WHAT THE TASK REQUIRES → Both the line containing "White portable rechargeable" and the line containing "Playdate (2025) diretto" belong to the span. Output exactly that span from the listing below, and nothing outside it.

MATERIAL TO PROCESS →

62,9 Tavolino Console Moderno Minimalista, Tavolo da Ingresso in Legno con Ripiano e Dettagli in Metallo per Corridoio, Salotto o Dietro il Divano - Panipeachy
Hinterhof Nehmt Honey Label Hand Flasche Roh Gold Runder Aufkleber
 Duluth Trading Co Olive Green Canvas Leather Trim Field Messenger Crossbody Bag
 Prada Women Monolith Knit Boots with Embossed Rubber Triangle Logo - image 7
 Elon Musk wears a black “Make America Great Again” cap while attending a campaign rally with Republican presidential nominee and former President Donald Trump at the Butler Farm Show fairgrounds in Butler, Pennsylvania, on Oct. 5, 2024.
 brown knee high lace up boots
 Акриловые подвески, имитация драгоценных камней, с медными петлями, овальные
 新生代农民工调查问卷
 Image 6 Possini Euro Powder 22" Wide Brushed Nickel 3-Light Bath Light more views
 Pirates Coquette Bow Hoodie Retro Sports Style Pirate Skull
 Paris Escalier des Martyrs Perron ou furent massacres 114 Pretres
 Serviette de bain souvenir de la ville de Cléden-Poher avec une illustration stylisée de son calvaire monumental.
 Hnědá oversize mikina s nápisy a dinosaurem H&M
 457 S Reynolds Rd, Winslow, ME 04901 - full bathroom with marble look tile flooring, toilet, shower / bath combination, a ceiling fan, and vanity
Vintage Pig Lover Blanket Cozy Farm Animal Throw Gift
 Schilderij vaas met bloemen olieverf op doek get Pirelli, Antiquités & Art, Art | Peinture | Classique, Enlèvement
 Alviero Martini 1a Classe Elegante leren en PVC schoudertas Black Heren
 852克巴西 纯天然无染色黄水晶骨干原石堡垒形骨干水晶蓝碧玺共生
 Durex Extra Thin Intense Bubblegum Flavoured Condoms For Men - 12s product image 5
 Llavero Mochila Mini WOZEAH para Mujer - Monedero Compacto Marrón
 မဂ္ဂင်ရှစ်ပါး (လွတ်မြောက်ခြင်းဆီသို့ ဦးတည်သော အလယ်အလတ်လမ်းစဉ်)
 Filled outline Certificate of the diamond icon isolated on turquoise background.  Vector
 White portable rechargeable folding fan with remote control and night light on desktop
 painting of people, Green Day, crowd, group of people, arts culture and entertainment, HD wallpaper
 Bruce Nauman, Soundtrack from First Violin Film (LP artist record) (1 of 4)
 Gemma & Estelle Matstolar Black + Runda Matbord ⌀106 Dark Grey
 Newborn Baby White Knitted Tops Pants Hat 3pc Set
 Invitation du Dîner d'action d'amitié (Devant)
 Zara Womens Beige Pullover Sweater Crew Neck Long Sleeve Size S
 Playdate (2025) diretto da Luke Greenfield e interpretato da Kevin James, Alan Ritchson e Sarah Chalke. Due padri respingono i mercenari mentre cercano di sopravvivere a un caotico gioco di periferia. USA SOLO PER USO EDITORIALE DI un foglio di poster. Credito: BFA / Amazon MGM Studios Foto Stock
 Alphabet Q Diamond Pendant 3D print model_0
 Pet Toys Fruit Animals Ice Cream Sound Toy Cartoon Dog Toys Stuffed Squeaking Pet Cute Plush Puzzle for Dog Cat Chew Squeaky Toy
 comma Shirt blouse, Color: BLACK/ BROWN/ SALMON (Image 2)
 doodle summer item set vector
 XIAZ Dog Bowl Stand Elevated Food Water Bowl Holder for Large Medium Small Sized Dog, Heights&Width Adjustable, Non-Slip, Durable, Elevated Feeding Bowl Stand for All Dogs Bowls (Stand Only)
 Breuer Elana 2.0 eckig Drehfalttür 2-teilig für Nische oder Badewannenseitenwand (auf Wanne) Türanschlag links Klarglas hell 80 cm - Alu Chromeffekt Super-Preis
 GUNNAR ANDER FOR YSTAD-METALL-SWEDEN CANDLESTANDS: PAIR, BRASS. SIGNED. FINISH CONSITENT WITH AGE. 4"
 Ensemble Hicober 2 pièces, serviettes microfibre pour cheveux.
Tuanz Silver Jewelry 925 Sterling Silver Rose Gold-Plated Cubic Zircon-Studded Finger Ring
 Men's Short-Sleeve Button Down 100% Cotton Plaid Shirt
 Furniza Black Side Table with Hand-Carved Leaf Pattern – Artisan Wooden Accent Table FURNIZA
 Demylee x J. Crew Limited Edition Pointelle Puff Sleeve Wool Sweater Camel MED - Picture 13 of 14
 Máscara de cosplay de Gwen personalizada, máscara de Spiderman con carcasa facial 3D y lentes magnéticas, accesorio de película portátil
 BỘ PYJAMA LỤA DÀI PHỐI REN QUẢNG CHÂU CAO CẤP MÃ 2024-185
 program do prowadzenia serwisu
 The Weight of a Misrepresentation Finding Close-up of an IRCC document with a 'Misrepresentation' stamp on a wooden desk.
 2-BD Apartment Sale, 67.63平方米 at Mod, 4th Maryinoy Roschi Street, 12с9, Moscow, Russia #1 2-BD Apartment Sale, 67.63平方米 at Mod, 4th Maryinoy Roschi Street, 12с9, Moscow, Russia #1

TASK RESULT →
 White portable rechargeable folding fan with remote control and night light on desktop
 painting of people, Green Day, crowd, group of people, arts culture and entertainment, HD wallpaper
 Bruce Nauman, Soundtrack from First Violin Film (LP artist record) (1 of 4)
 Gemma & Estelle Matstolar Black + Runda Matbord ⌀106 Dark Grey
 Newborn Baby White Knitted Tops Pants Hat 3pc Set
 Invitation du Dîner d'action d'amitié (Devant)
 Zara Womens Beige Pullover Sweater Crew Neck Long Sleeve Size S
 Playdate (2025) diretto da Luke Greenfield e interpretato da Kevin James, Alan Ritchson e Sarah Chalke. Due padri respingono i mercenari mentre cercano di sopravvivere a un caotico gioco di periferia. USA SOLO PER USO EDITORIALE DI un foglio di poster. Credito: BFA / Amazon MGM Studios Foto Stock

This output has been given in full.